Aim of the task: The lines from the one containing "Personalised Cycling New" through the last line below, both ends included, must be reproduced exactly, with no pictures.

Data provided:
● ● ● ●

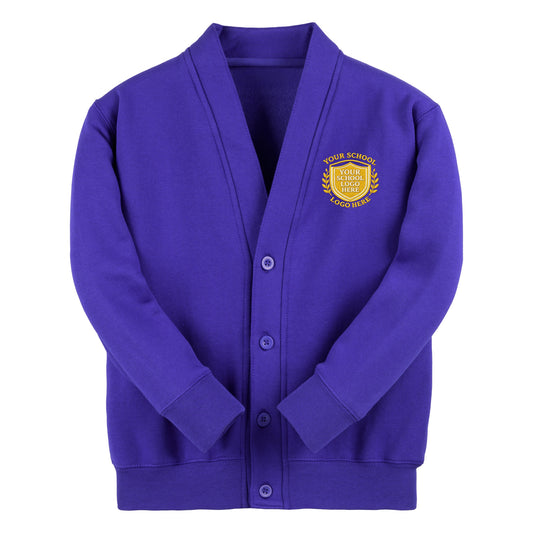 Royal Blue Classic Cotton Rich Sweat Cardigan - Left Chest Embroidered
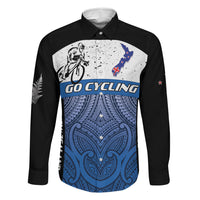Personalised Cycling New Zealand Family Matching Mermaid Dress and Hawaiian Shirt Aotearoa Map Fern Maori Pattern LT22 Dad's Shirt - Long Sleeve Blue - Polynesian Pride
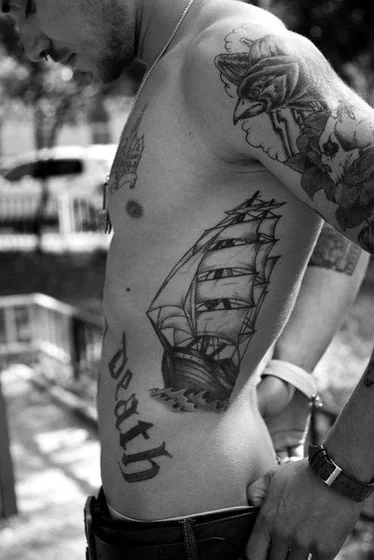 Traditional Patchwork tattoo for men: ship, raven, skull.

● ● ● ●

Your solution:
Personalised Cycling New Zealand Family Matching Mermaid Dress and Hawaiian Shirt Aotearoa Map Fern Maori Pattern LT22 Dad's Shirt - Long Sleeve Blue - Polynesian Pride
 Traditional Patchwork tattoo for men: ship, raven, skull.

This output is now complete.